L'entretien des pelouses sèches par la fauche ou le pâturage permet, en respectant quelques règles, de maintenir ces espaces. La mise en défens (exclos) d’habitats est parfois nécessaire pour limiter l’accès des troupeaux à certains moments de la saison. Le principe du pâturage tournant dynamique consiste à faire paître un troupeau avec un chargement important sur de faibles surfaces pendant une période très courte La fauche d’entretien à des fins conservatoires est réalisée de préférence à l’automne pour respecter le cycle biologique des espèces.
Pour les papillons forestiers, les actions de conservation portent principalement sur le maintien d’un réseau fonctionnel de clairières, layons, landes et prairies intra-forestières et la conservation et le développement des haies, des lisières forestières et des arbres isolés. Le développement des trames vertes, des continuités écologiques et des zones protégées : Zone Naturelle d’Intérêt Faunistique et Floristique (ZNIEFF), Espace Naturel Sensible (ENS)…, la protection des biotopes les plus fragiles, comme les pelouses calcaires et les milieux humides, sont essentiels pour leur offrir un environnement adapté.

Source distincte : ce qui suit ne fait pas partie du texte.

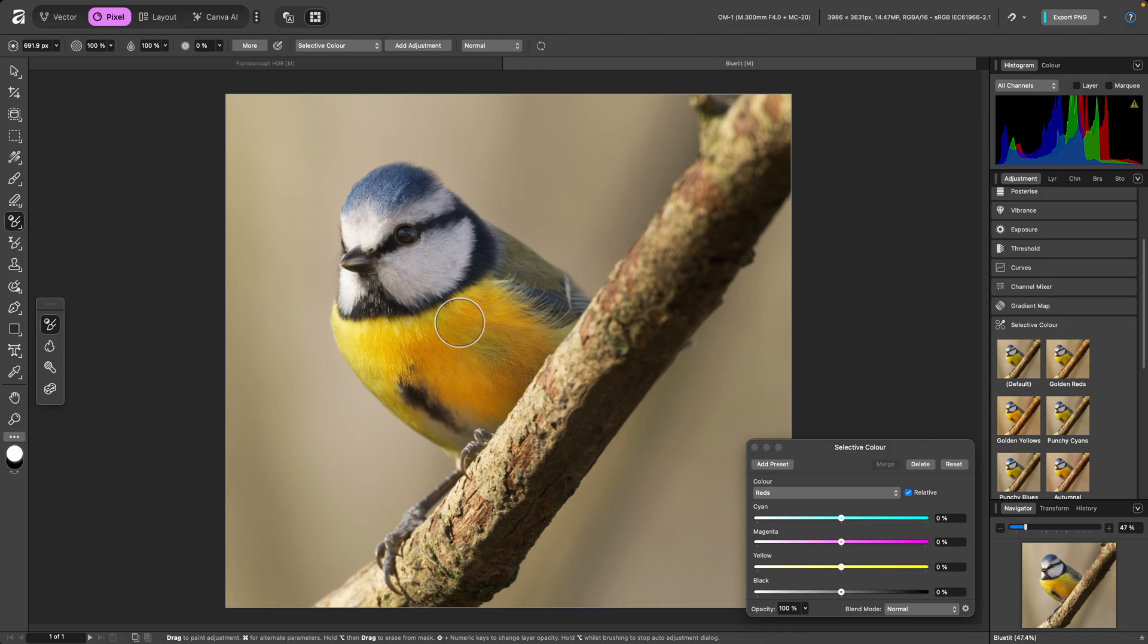Then I can just paint onto the area where I want the adjustment to apply. This could be quite a powerful workflow for you, as you can create your own adjustment presets and use this technique to quickly apply them selectively.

Les biotopes indispensables à la survie des papillons sont présents dans les espaces ouverts des 7 communes du territoire d’ENDEMA93. Notre association se bat pour conserver ces espaces dans les sites menacés d’urbanisation que sont les anciennes carrières, les délaissés de l'ex A103, les terrains boisés, les cœurs d’îlot. C’est le sens de nos interventions dans le cadre de l’élaboration des Plans Locaux d’Urbanisme.

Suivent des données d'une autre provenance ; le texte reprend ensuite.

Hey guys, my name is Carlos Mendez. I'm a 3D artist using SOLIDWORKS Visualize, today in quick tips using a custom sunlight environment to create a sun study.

Notre association intervient auprès des collectivités locales et territoriales pour qu’elles mettent en place un entretien écologiquement responsable de ces lieux et qu’elles engagent des actions de sensibilisation auprès des personnels et de la population.
La présence de papillons nombreux et variés est un signe de bonne santé de notre environnement, agissons pour les protéger.